Si ahora hay quien piensa que se inyectan microchips con las vacunas, no es necesario decir que en 1947 no todo el mundo quiso creerse la versión oficial y las teorías de que aquello era una nave extraterrestre se mantuvieron a lo largo de los años. Ni una cosa ni la otra. En 1995, una investigación del Congreso de los Estados Unidos demostró que el objeto de Nuevo México era una prueba de sonda espía contra la Unión Soviética. Eran los primeros compases de la Guerra Fría y Washington y Moscú se disputaban el control del mundo que se estaba dividiendo en dos bloques.

El incidente Roswell dio origen a un concepto que hizo fortuna.

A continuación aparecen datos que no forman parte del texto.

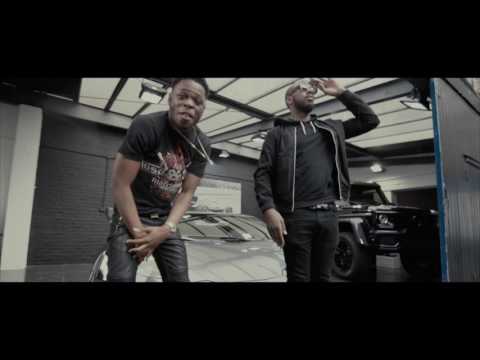 Yxng Bane - Never Change Me (Official Video) | @YxngBane | Link Up TV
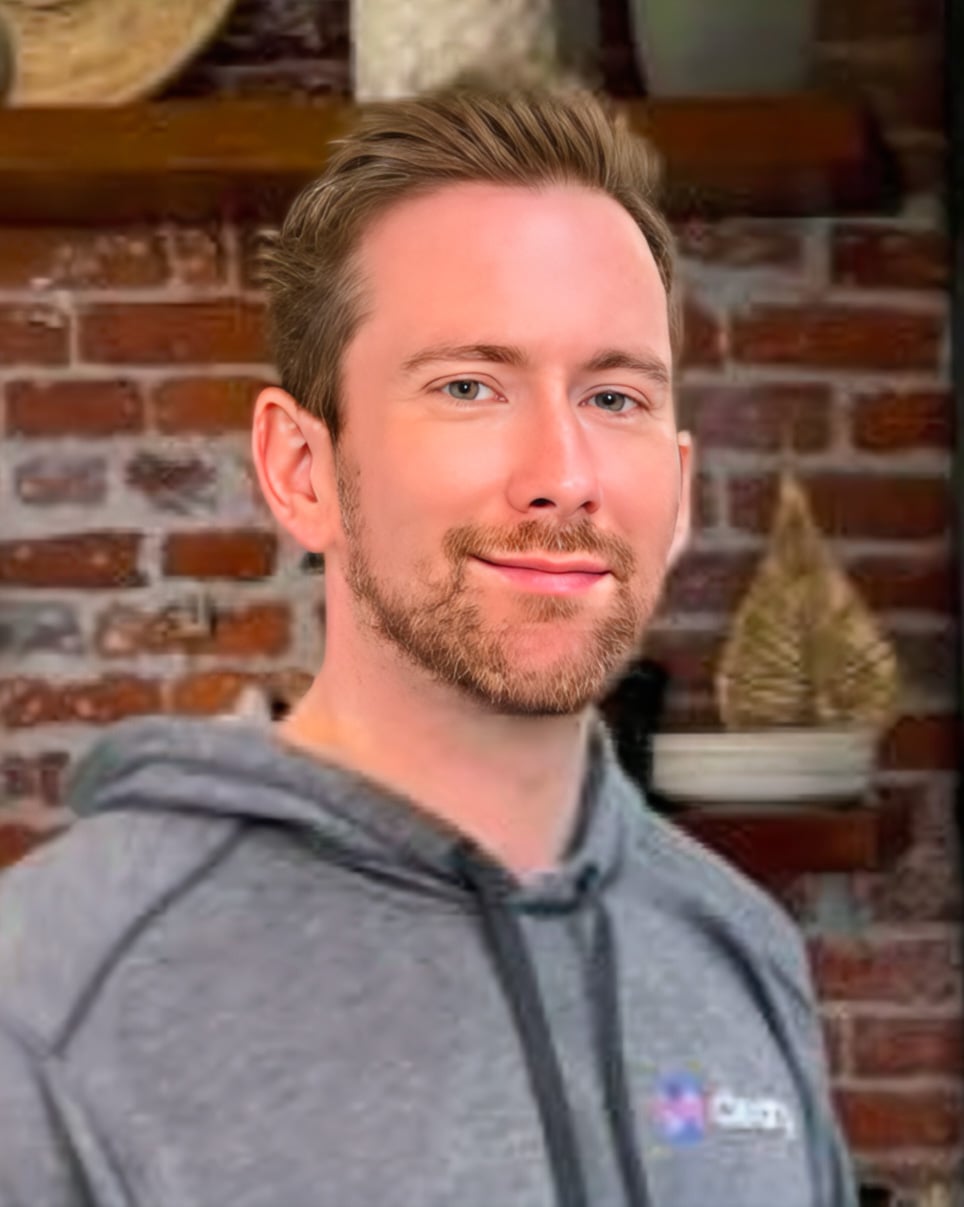 Photo of Ryan O'Donnell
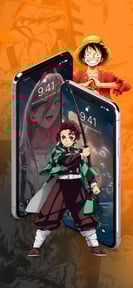 Wallpaper for Naruto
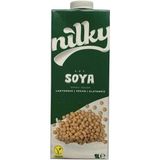 Nilky Soya Sütü 1lt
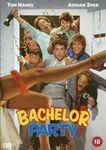 Bachelor Party [1984] [DVD]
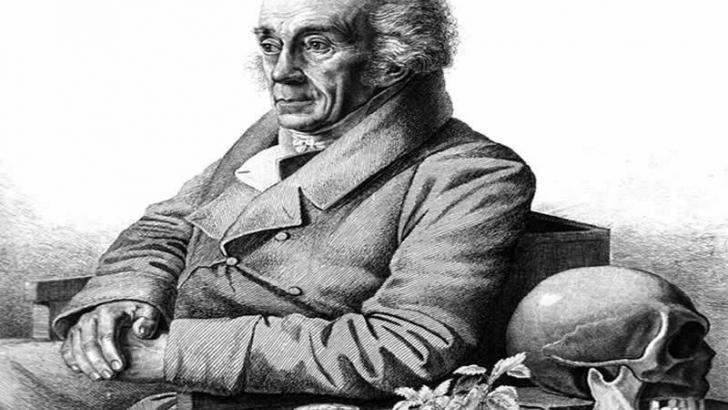 Johann Friedrich Blumenbach Kimdir?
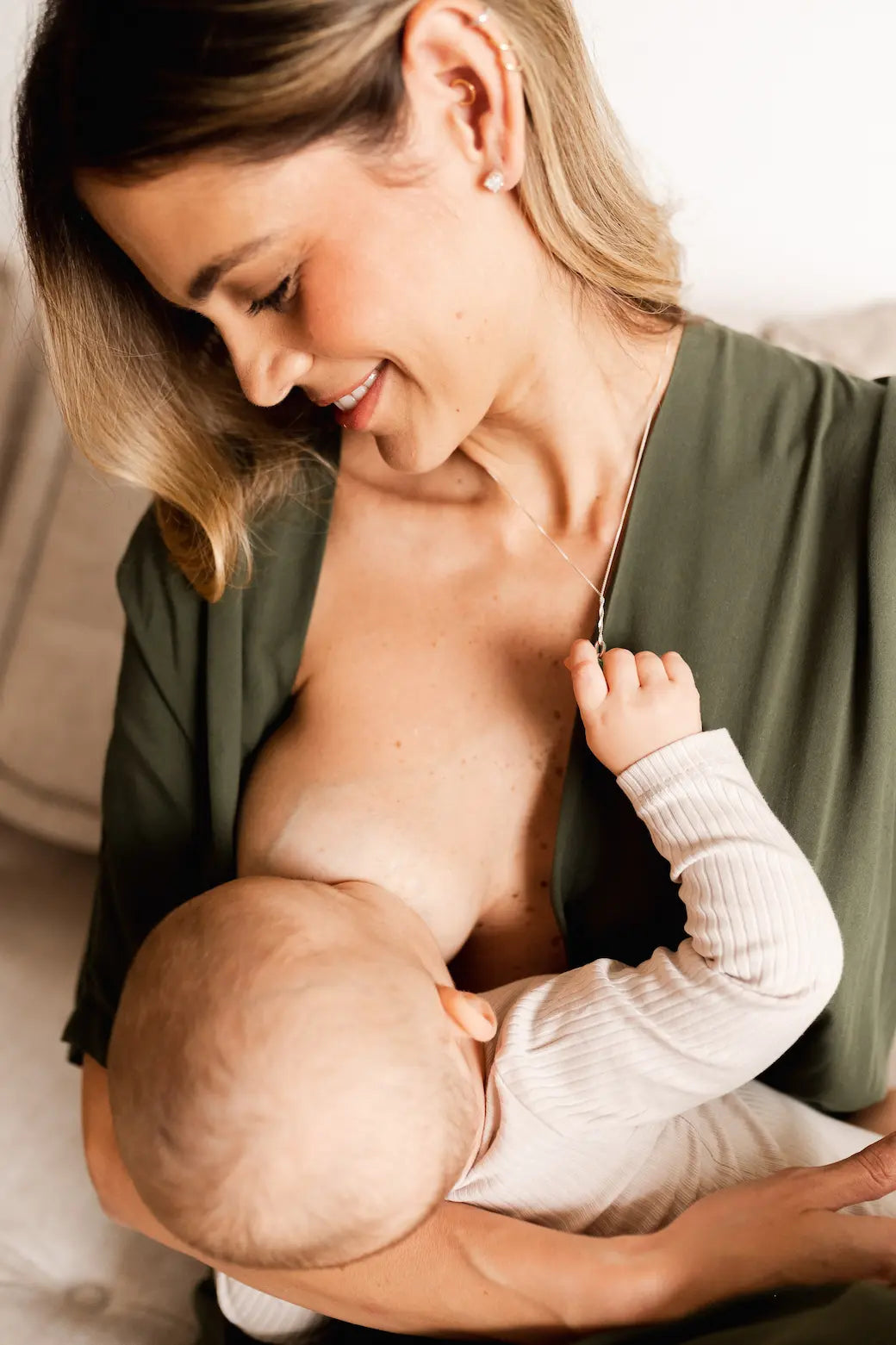 MATERNIDAD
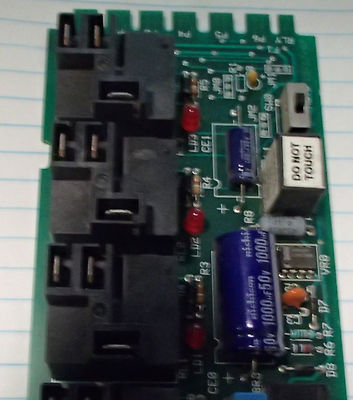 Altech Circuito Ventilación Adulto 22mm Polietileno Con Codo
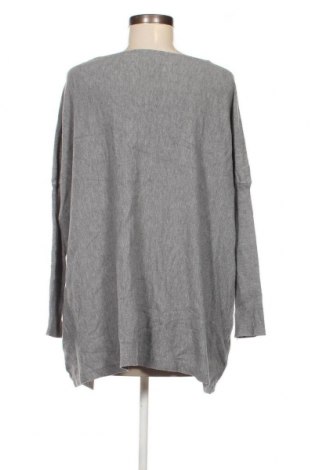 Damenpullover, Größe M, Farbe Grau, Preis € 6,49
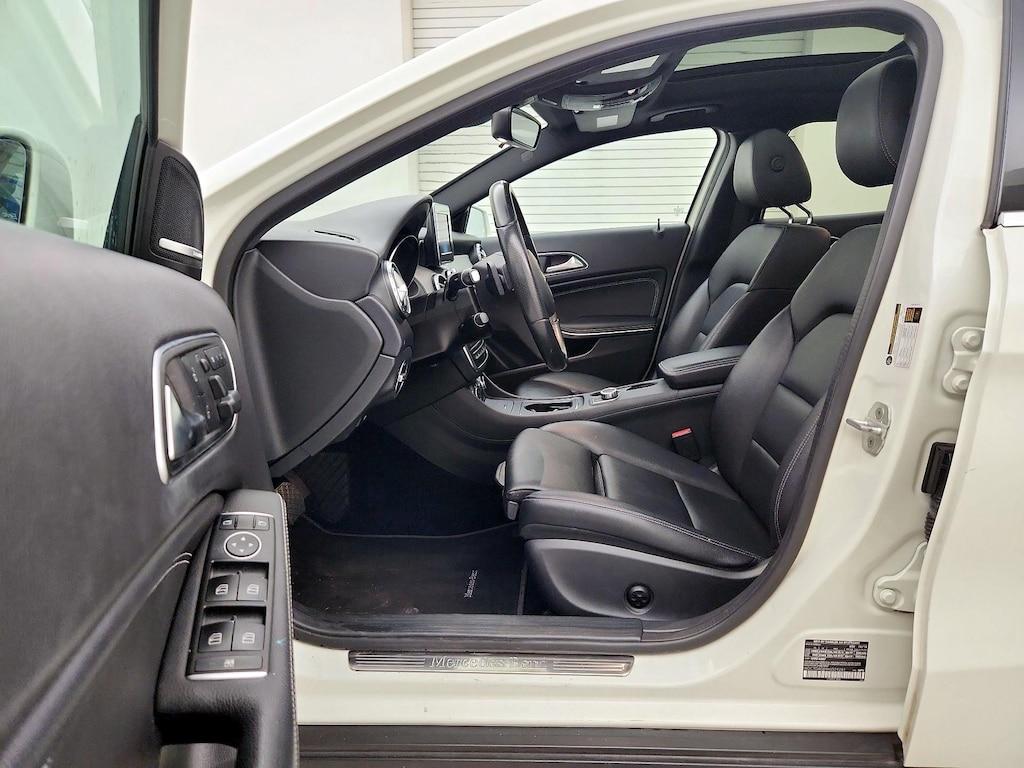 used 2017 Mercedes-Benz GLA 250 car, priced at $16,998
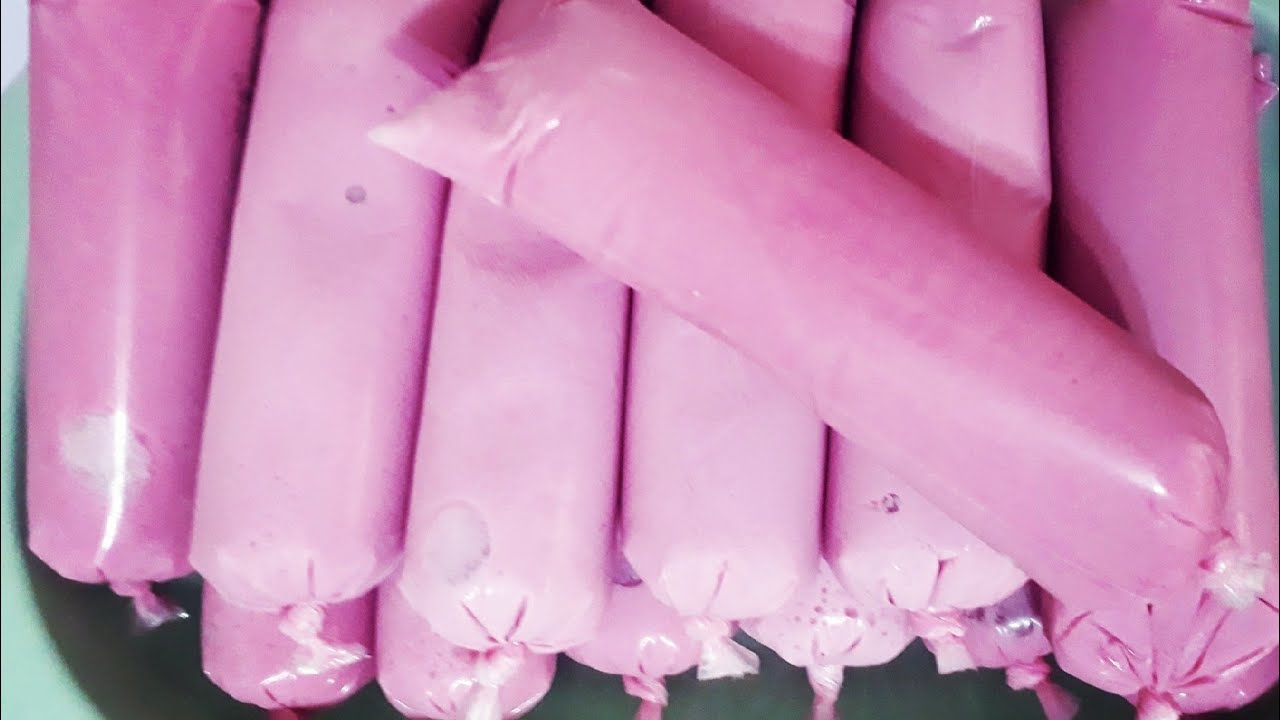 #geladinho
CREMOSINHO DE UVA 🍇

Cuando los testigos y la prensa quisieron encontrar una metáfora visual para describir aquellos ovnis, se dijo que parecían una flying saucer o un flying disc, término que se ha traducido como «platillo volante». Y que alguna gente con ingenio supo aprovechar para su negocio.

Walter Frederick Morrison fue uno de ellos. Unos cuantos años antes, en 1937, como todos los jóvenes de su época –entonces tenía 17 años–, con su novia y futura esposa Lu Nay, se entretenían pasándose el plato donde servían las palomitas en las playas californianas. La diferencia es que ellos le vieron potencial y lo quisieron comercializar. Desgraciadamente, al poco estalló la guerra y Morrison fue movilizado. Pero, a veces, no hay mal que por bien no venga. Fue destinado a las fuerzas aéreas y allí aprendió unas mínimas nociones de aeronáutica, que le sirvieron para perfeccionar el producto, que llamaba Flyin’ Cake Pans.

Terminado el conflicto quiso ponerse manos a la obra y, gracias al inversor Warren Franscioni, consiguió dinero para pagar los moldes. Todo esto ocurría en 1948, en plena fiebre ovni, y tuvieron claro rebautizarlo como Flying Saucer.

Lo vendían en las ferias locales de las zonas costeras, pero Walter y Lu eran ambiciosos y en 1955 crearon un nuevo diseño llamado Pluto Platter, que llamó la atención de la empresa Wham–O. La compañía les compró los derechos de fabricación y para aumentar las ventas lo promocionaron en los campus universitarios. Fue entonces cuando le dieron el nombre con el que es conocido actualmente: Frisbee.

En realidad se apropiaron del nombre del panadero William Russell Frisbie, que a finales del siglo XIX, en la zona de la Universidad de Yale, había empezado a vender pasteles en unas latas. Estos recipientes, una vez vacíos, servían de entretenimiento para los estudiantes. Como en la parte inferior estaba la marca Frisbie Pie Company, todo el mundo los llamaba así. Lo único que hizo Wham–O fue cambiar la manera de escribirlo.

Durante los años 60 fue muy popular, gracias a la habilidad que tuvo la empresa de convertir jugar con el frisbee en una actividad deportiva. El ideólogo de este posicionamiento de producto fue Ed Headrick, que diseñó competiciones donde el platillo volante era el protagonista. Una de las que todavía tienen muchos seguidores, sobre todo en EEUU, es el Disc Golf, donde los jugadores deben hacer aterrizar el frisbee en una especie de cestas, siguiendo un recorrido formado por 18 hoyos. Pero se podrían citar muchos otros ejemplos de juegos surgidos por iniciativa popular de gente enamorada de este disco. Lo que no lograron los alienígenas con sus platillos volantes, lo ha conseguido el frisbee, que ha conquistado el mundo.